And it's to hold and love and model the love for this baby, knowing that the single most
important person in his life is not me.
And that is so hard to do, right?
Right.
And I know that mentally.
Yeah.
Yes.
I'm trying to get there emotionally.
So I want you to be really graceful with yourself, especially with baby number one,
baby number two, baby number three.
This is so, so hard.
So let me ask you a few questions about this.
Do you have any connection to baby's mom or dad?

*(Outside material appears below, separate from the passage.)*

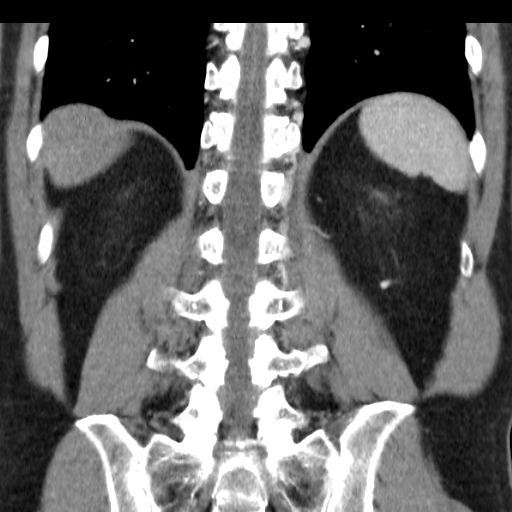 File:Collateral circulation following left renal vein thrombosis (Radiopaedia 17319-17013 renal cortical phase 1).jpg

Are you a part of helping them with services?
Can you be?
I can be.
The only reason I'm not is I have two little ones of my own, and I have no judgment toward family whatsoever, but I get a little nervous bringing people into our lives that I don't know.
Sure.
If that makes sense.
Yes, and you've brought a baby into your life, and so you've brought an entire family system into your life.
And so you can't bring this baby in.
You can't take the good parts without the scary parts.
That's true.
The good parts of this little baby, the scary parts,
they're an entire family system that if it were working perfectly,
this kid would not be in this situation, right?
So one or two of my friends who have done this
beautifully have actually taken the hearts and minds of the family this baby's moving back into
into consideration so they have offered things like parenting like parenting coaching for the mom or the dad, regular coffee visits.
How are you doing?
And here's what happens over time.
Not always, but most of the time parents will take you up on that
because they're desperate.
And they will see something that you have that they don't, which is peace.
Right?
Peace in the only chaotic peace that a mother of a nine and a seven year old have.
Right. Which is which is not day to day peace, not sleep, not hair looks good or my makeup's all great.
But that peace that knows this is right. You know what I mean?
And so offering, hey, I'll meet with you once every two weeks.
I'm going to get a babysitter for my kids or while they're in school.
We're going to go meet for coffee somewhere. And if you don't feel comfortable yet in your home,
that's great. That's no problem. But it will give you a sense of empathy for them too,
because they've got a story to tell as well. So I'm going to tell you about a conversation I had
in grad school that was a healing moment for me. It was a moment of shame for me and then a moment
of healing. So I was working in a placement with an extraordinary psychologist who just worked with traumatized kids.
And we had just left another situation where a mom was not working her services and in my head had chosen drugs over her kid.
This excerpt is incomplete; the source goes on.